Winter is soul killing. Especially in the northeast. It’s cold. It’s dark. It’s basically what I imagine the middle ages to have been like. Minus all the torture and monks chanting and writing Bibles.

But like I said. Then you become a parent. A parent doesn’t need reminders, though thank you Sprout Channel for ramming it down my throat. For months, we parents shudder at the thought of winter, dying a little death every time we attempt to put our child into a winter coat only to be met with wails and screams. We endure world class temper tantrums after closing the patio door to let the dog out, our child throwing himself against the plate glass crying, “OUT!”.  For parents, the promise of rising temperatures and playing outdoors sans torture device is reminder in itself. We count the days until Daylight Savings.

Until then, our days end promptly at 4pm when it becomes too dark to play outside and most indoor play gyms shut down. We are left in a winter abyss.  We call those three ungodly hours leading to 7pm “Badtime” in our house. It’s kinda like “bedtime.” But horrible. We watch a lot of TV during Badtime.

And then there is the daylight savings brass ring every parent strives to grab: a child waking up one hour later, their little internal clocks not understanding they have been duped. That thought alone enticed me weeks ago to circle the date on my calendar. Well, if I had a calendar, anyway.

As I bathed Colin the night before, it was if Santa was coming to our house that night: ‘Twas the night before Daylight Savings, and all through the house….”

“Colin!  Tonight is daylight savings!  In the middle of the night, the clocks go forward! Which means that your internal clock is being secretly reset. AND ITS GOING TO BE FANTASTIC!!”

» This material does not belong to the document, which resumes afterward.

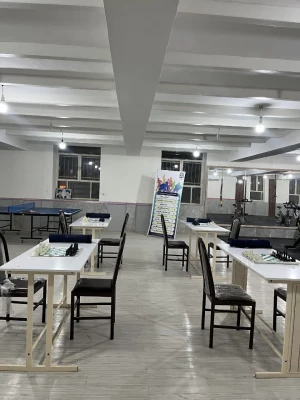 photo_2025-10-21_08-23-30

On Daylight Savings Eve, parents the world around can hardly fall asleep for all their excitement. And when they wake, they are surprised to find their present- a clock reading 8:00am, a restful night’s sleep under their belt and a happy child in the crib. We say a little prayer to sweet baby Jesus for finally bringing more daylight, warmer temperatures and puffer vests, one hour more of sleep and resetting our robot baby’s clocks.